I have spent a bit of time thinking about this. I don’t yet have any solutions, but there are a couple of things worth thinking about:

The scikit-learn approach of making an observation a real vector has definite drawbacks:

it makes it difficult to link variable names with their coefficients

not all algorithms need categorical variables to be encoded as vectors (e.g. decision trees can be applied directly to categories)

sometimes you need to attach more information to variables, e.g. in generalised additive models, you need a way to say which variables should be fit using splines, in Bayesian models you need priors, etc.

A lot of models involve nested fitting procedures, e.g. grid search over hyper parameters (often controlled via cross validation), with optimisation over internal parameters.

Having a convenient way to express this would be nice.

I wouldn’t advocate removing e.g. the ability to pass a dense matrix to these functions, when that is already optimal and easy-to-use.

I guess what I’m saying is if you’re chasing one generic interface that will work across different problems, data types, models, training algorithms, etc, you need to pin down what that interface is pretty strongly.
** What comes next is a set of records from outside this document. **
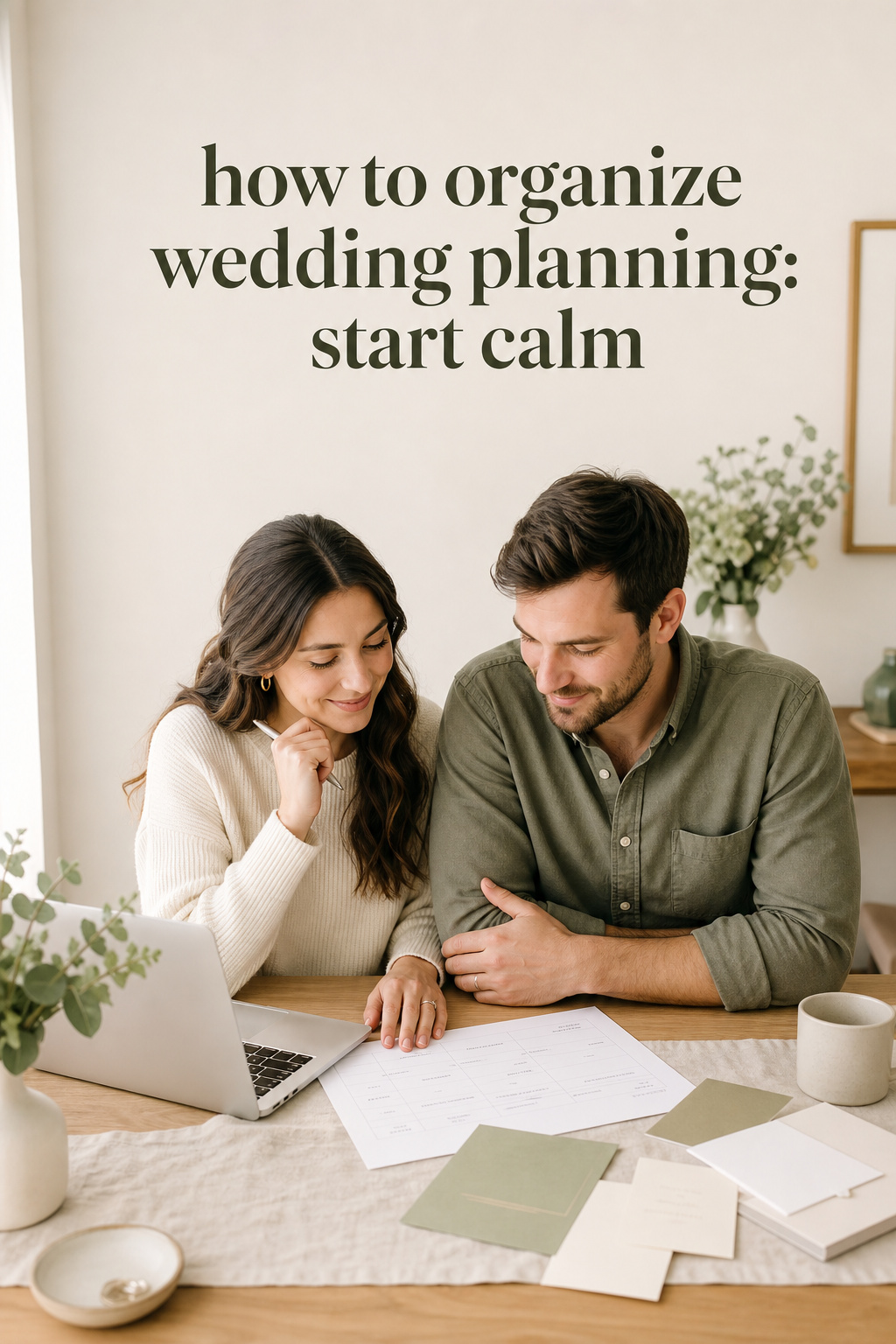 how to organize wedding planning with a calm shared system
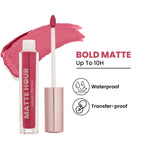 Swiss Beauty Matte Hour Waterproof Liquid Lipstick, Up To 10-Hour - 4 Peach Bellini | Grocsy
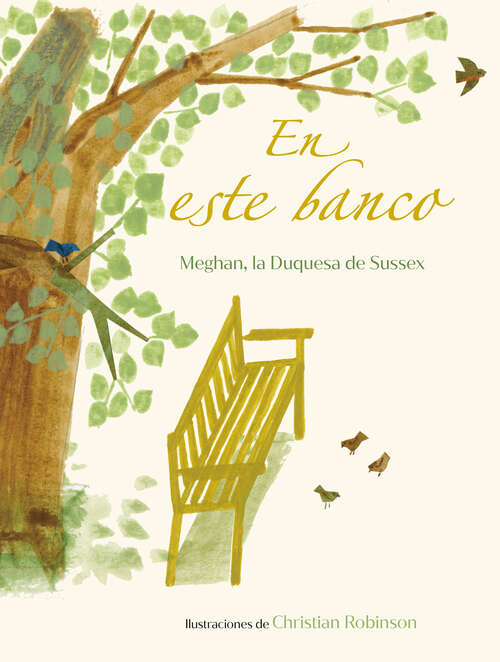 Book cover of En este banco (The Bench Spanish Edition)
So while I wouldn’t suggest removing an interface for e.g. matrix-style inputs, I might be inclined to suggest having distinct interfaces (perhaps different generic functions) for nested-style and matrix-style inputs.
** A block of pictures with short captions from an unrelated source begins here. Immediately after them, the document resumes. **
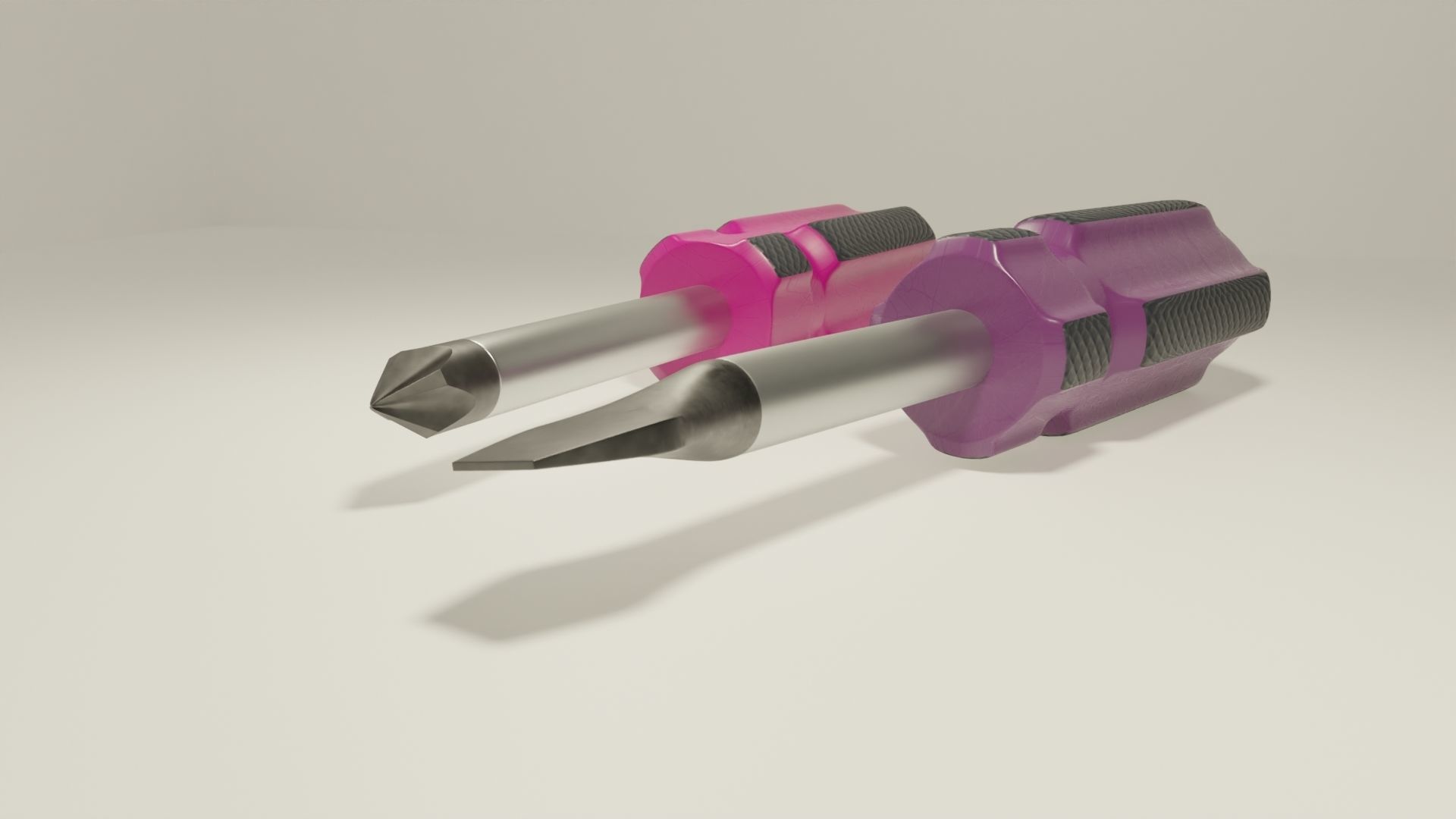 Screwdrivers 01 Low-poly 3D model_3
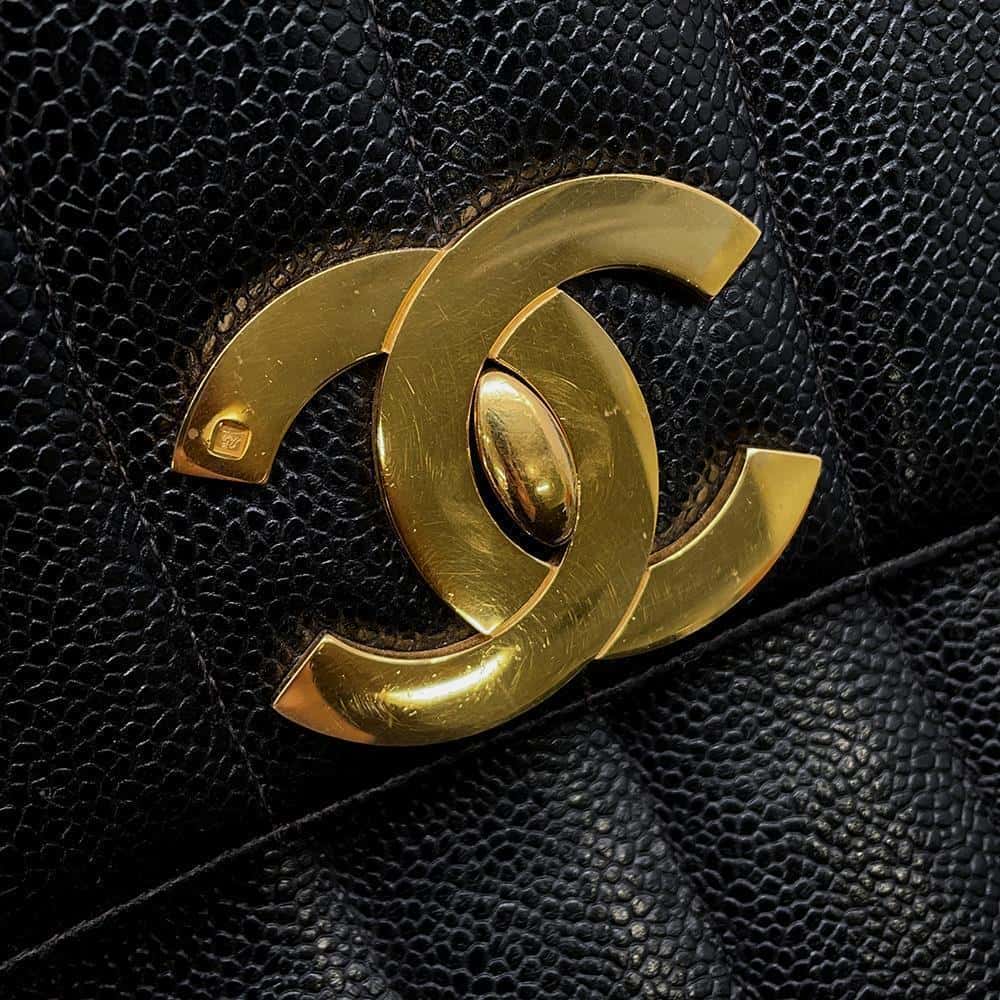 CHANEL Mademoiselle ChainShoulder Bag Black Caviar Leather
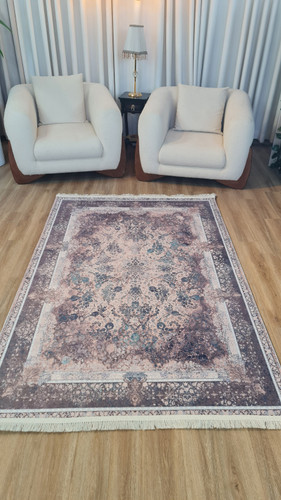 خرید ارزان فرشینه ترنجدار فرشینه آفتاب کدL520مخمل شانل استپدار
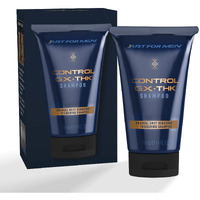 Just For Men Control Gx + Thk Thickening Shampoo With Grey Reduction, Shampoo For Thinning Hair With Alpha Keratin, Thickens Hair Up To 20%, Works With Every Hair Texture, 4 Oz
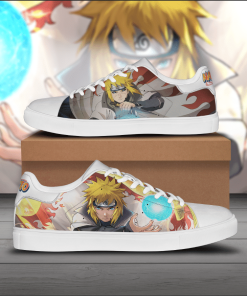 Minato Skate Sneakers Naruto Series Custom Anime Sneakers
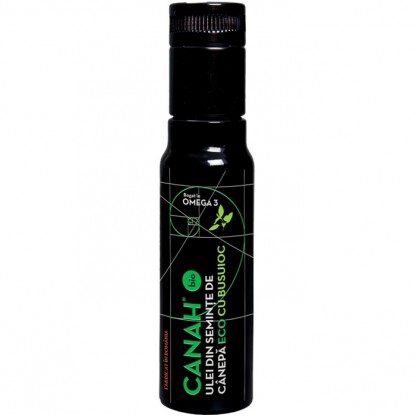 Ulei de canepa cu busuioc bio, presat la rece 100ml Canah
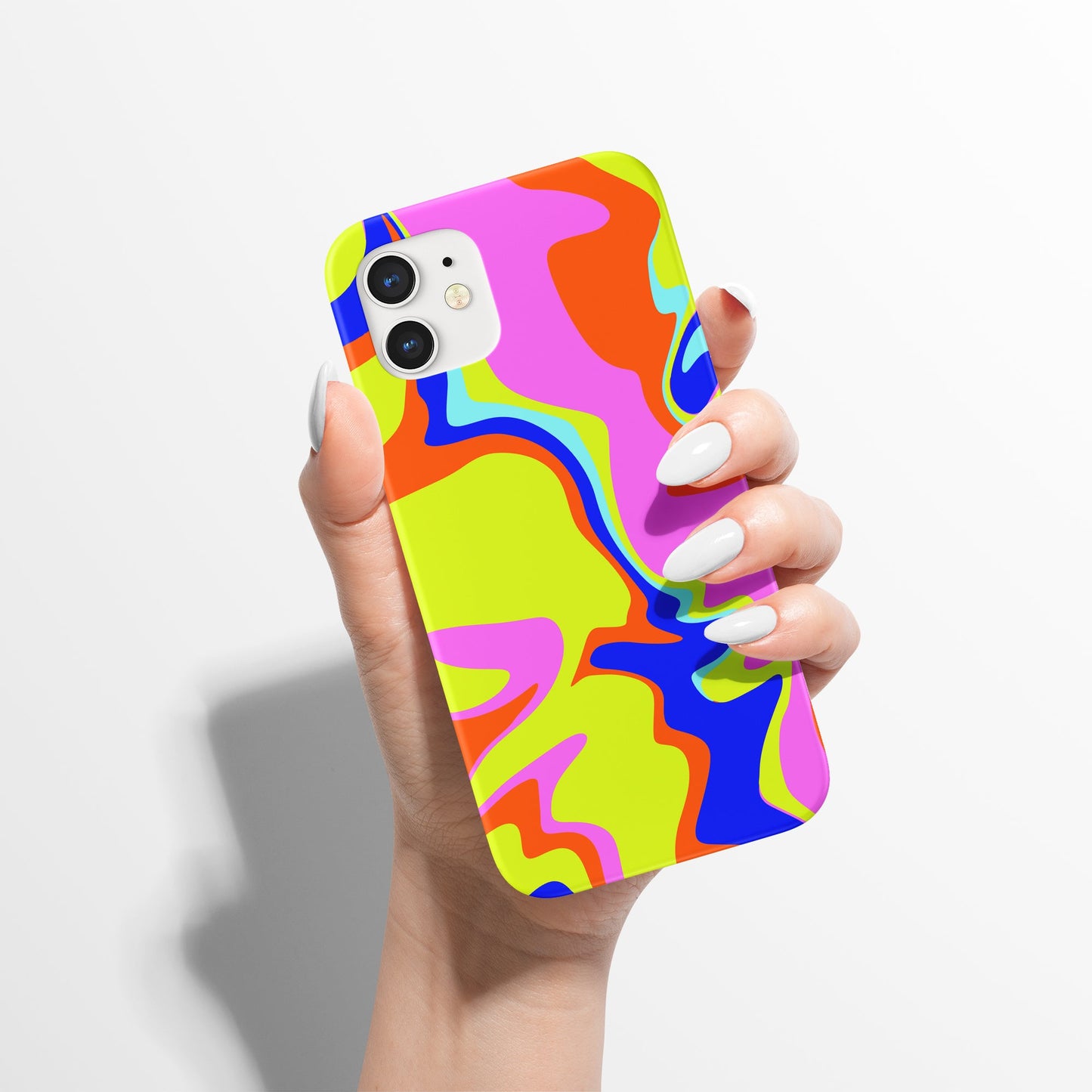 Neon Liquid Swirl iPhone Case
This one is an interesting one; we do PCA on 3D point clouds with nested arrays of (static) arrays and the generated code is optimal (and the written code is extremely readable). I’m curious what using something like SplitApplyCombine.splitdimsview to create a nested input out of dense storage would do in terms of performance (I suspect some operations would be Julia loops rather than BLAS code so it may be a bit slower, but hopefully better than Vector{Vector{T}}).

Of course, it would be a dystopian world if users created a matrix, were forced to pass it through splitdimsview, then into the the model, which uses special logic to unwrap the nested view, and so-on, This seems cumbersome for both the user and library writer. So, I’ll admit there may be limitations on the utility of the philosophy I was pushing.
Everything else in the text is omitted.